Dependable pipeline management
Though a data mesh pushes many controls out to the domains, the central team must still ensure data pipeline uptime and performance. Absent such support, the domains will get bogged down checking pipeline results, reacting to schema changes, and endlessly troubleshooting. The central platform should include automated issue detection, alerting, and resolution, where possible. When domain input is needed, the central team should efficiently facilitate guided solutions.
Simple yet thorough configurability
While the central team needs to prioritize simple-to-use, automation-first approaches, it also needs to capture domain input and adjust accordingly.
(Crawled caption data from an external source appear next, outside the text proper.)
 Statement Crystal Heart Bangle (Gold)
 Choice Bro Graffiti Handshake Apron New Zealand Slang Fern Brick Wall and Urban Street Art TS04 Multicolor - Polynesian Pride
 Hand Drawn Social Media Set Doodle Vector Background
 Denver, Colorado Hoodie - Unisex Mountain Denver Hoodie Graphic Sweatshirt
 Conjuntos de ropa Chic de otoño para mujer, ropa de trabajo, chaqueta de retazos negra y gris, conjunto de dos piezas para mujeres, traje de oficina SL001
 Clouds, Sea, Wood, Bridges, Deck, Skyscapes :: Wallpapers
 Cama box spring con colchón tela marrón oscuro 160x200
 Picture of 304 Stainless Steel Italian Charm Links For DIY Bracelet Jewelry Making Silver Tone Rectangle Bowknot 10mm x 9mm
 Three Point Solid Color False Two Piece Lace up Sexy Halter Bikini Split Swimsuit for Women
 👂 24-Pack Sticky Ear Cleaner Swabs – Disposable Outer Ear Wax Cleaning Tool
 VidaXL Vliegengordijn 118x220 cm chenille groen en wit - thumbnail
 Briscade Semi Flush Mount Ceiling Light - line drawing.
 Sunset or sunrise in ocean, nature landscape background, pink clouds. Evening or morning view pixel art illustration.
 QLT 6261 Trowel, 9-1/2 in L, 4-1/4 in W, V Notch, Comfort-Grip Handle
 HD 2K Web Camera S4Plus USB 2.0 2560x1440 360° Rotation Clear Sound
Users must be able to configure their pipelines for scheduling, dependency management, error tolerance thresholds, to name a few. The platform should have the flexibility to integrate domain-specific processes like data quality.
With this truly self-serve data platform, domains easily select their data sources, choose scheduling options, visually define necessary transformations, and know that pipelines will just work from there. In a matter of hours, they should move beyond data movement and on to analyzing or publishing their data products. Central teams can empower a data-driven organization with an effective data mesh if they can deliver this platform.
The ability to serve every unique domain in a data mesh while cutting their engineering burden is a challenging balance. From our beginnings, Etleap has focused on that same challenge, and our diverse customers now benefit from those years of effort and learning. So you won’t be surprised to hear that Etleap delivers the data pipeline capabilities of a self-serve platform out of the box.
Central teams can deploy Etleap and offer quick adoption and value within hours of domain onboarding. Business users and coders alike can select their data sources, designate their analytics destination, customize a schedule, and transform data with a visual wrangler. Neither domain team nor central team has to build connectors or write code for monitoring or alerting. Etleap provides all of this as a service, and pipeline management is seamless and reliable. The central team can also use Etleap’s extension points to create data catalog, quality, lineage, and other functionality across the wider organization.
The data mesh should accelerate the path of data from its sources to those who can generate insights and value from it. We’ve seen organizations that get data mesh right. When central teams and platforms can facilitate domains to deliver on their expertise - rather than one team trying to do it all - it’s an inspiring combination!